Esta semana Avenida Brasil chegou ao 100º capítulo levando ao ar uma trama que há muito não prendia tanto o telespectador, ancorada em ganchos sucessivos e não deixando saudades do tempo em que o público de novelas tinha que esperar 180 capítulos para ver o desfecho central se realizar ou para ver um mistério anunciado no primeiro capítulo ser revelado. Do lado de cá da tela, no caso do telespectador de Salvador, outros 100 capítulos sem nenhuma atratividade e nenhum desfecho também foram ao ar na mesma semana: a greve dos professores da rede pública estadual, há 100 dias fora da sala de aula.
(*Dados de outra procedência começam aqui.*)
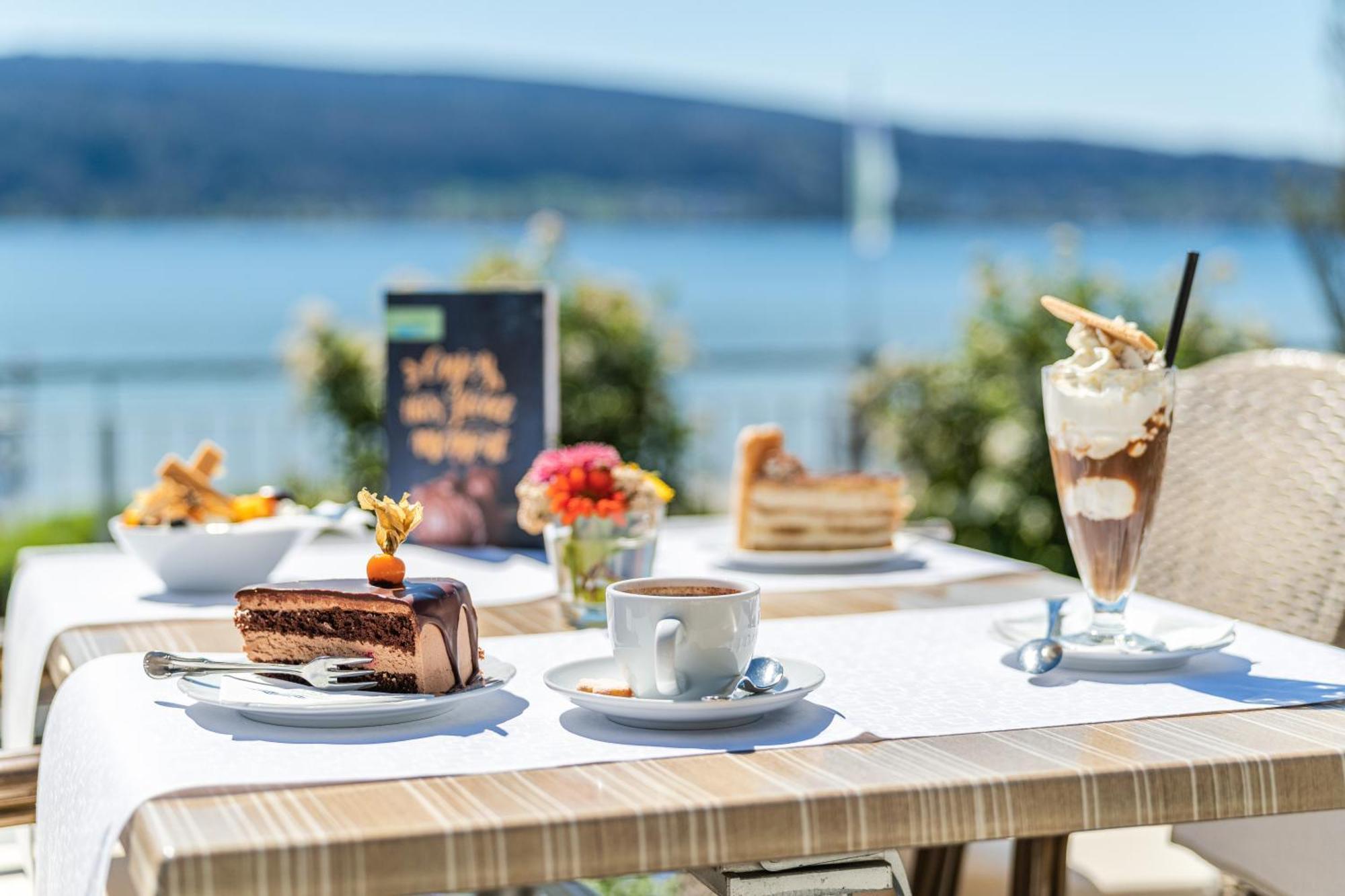 Strandhotel Loechnerhaus Reichenau Exteriör bild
BISPO – Enquanto em Avenida Brasil Adriana Esteves vem dando um banho de interpretação, sobretudo em se tratando da TV, um veículo que deixa pouquíssimo espaço para o ator crescer em seus personagens a ponto de explodir em talento numa tela tão pequena, na chanchada da greve baiana não houve espaço para outra coisa senão para a explosão do grotesco. Do lado do Governo, além do já tradicional modus operandi lentíssimo do governador Jaques Wagner de só negociar conflito quando nem mesmo o bispo, literalmente (no caso, o Cardeal Arcebispo Primaz de Salvador, Don Murilo Krieger, que sempre tenta ajudar em negociações entre grevistas e Governo do Estado) suporta mais tanto imobilismo, mais duas cenas grotescas marcaram essa greve para nunca mais saírem da história da (péssima) educação na Bahia.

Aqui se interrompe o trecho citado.